Jesus got angry, and yet He did not sin. This action by Christ helps us to understand anger as a neutral emotion that can be experienced and used in a positive, God-honoring way. Anger can be useful to identify problems, protect us from threats, challenge the status quo, push for change or improvement, to help others, or to give a burst of energy to finish a task.[1] You can be angry and not be wrong. You can also be angry in a way that leads to sin. What’s the difference?
What makes God angry? Righteous anger, the kind that God allows and is not sinful, is being angry at the things that make God angry. God is good. In fact, God is the definition of Goodness. Because His nature is good, everything He does is good. Not only good, but also perfect. And perfectly right. Anything that is the opposite of this, God calls evil. And it’s okay to be angered by evil. This is Jesus at the temple, seeing a holy place of worship perverted into a business full of cheats and heretics. Money that should be given freely to God used to buy lackluster offerings that God neither wanted not accepted because they were less than the best and given out of rote practice instead of genuine humility and a desire to please Him. What should have been a place of prayer and devotion had become a religious casino. Jesus had every right to be angered by this, and He was. Because God His Father was.
The closer we grow to God, the more we become like Jesus, the more our emotions will reflect His. We will become “greatly distressed by the sensual conduct of the wicked,” and find “their lawless deeds” tormenting (2 Peter 2:7–8).[2] Think about our culture today and what might cause righteous anger… the killing of unborn children, ethnic and economic injustice, abuse (emotional, physical, sexual), sex trafficking, slavery, adultery, persecution. These call for anger, and often action—like Jesus at the temple.

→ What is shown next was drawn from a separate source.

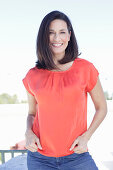 A mature brunette woman wearing a red blouse and jeans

What makes men angry? Sinful anger, on the other hand, is rooted in man’s desire to please himself over pleasing God. This is the anger that leads to “quarreling, jealousy, anger, hostility, slander, gossip, conceit, and disorder” (2 Corinthians 12:20). Man’s anger is selfish, causes division, and is often displayed as a tantrum. God tells us to avoid this anger—to put away “anger, wrath, malice” (Colossians 3:8). Jon Bloom wrote, “Sinful anger alienates us from God. It does not move us toward acts of faith and love and true justice, but rather toward acts of selfishness like sullen withdrawal, irritability, rudeness, obstinacy, and bitterness. Sinful anger is characterized by the self-oriented grief of self-pity, not godly grief over evil. And it produces the cancer of cynicism that eats away at faith, eroding our desire to pray.”[3]

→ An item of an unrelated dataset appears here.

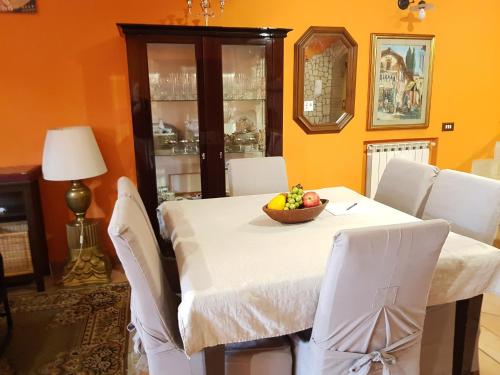 a dining room with a table with a bowl of fruit on it at B&B Vista su Roma in Marco Simone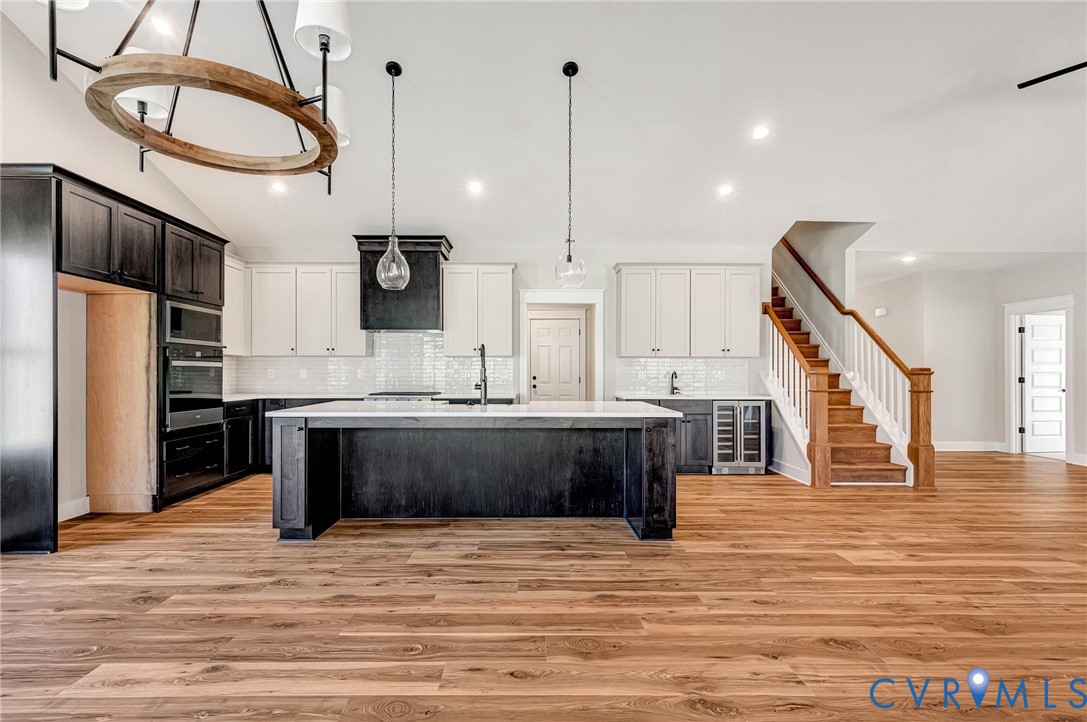 Expansive open-concept living area featuring wood flooring, a kitchen with an island, and a staircase with natural wood treads and railing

Staying on the right side of anger. Displaying righteous versus sinful anger is an exercise in the spiritual disciplines. Are you reading and studying the Bible daily? Are you in prayer constantly? Do you worship regularly? Do you practice other spiritual disciplines that are acts of humility and faith, such as fasting and service? The right expression of anger comes from a mind aligned with God. You won’t be angered by the things that anger God if you are not in sync with Him daily. And you’ll fall into sinful anger when you stray from the will of God and follow your own selfish objectives.
A righteous example. When Martin Luther King, Jr. was in high school, he won a writing and speaking contest. He and his teacher returned home to Atlanta, Georgia by bus after the competition. The bus stopped and some white passengers got on, and told King and his teacher they would need to give up their seats. Though King wanted to stay seated, his teacher urged him to keep from making a scene, and they stood up in the back of the bus for the remaining 90 minutes of the ride. King later said, “That night will never leave my memory. It was the angriest I have ever been in my life.”
King’s daughter, Bernice King, later said many years later, “My father was extremely angry from that incident. So much so that he expressed it later on by saying that he came very dangerously close, at that particular time, to hating all white people.” King instead channeled that anger into action, and became the central leader of the Civil Rights movement, known for his nonviolent resistance to racism, and his fiery speeches. Bernice explains, “If you internalize anger, and you don't find a channel, it can destroy you. That’s why when Daddy reiterated, ‘Hate is too great a burden to bear.’ He knew it was corrosive and erosive.”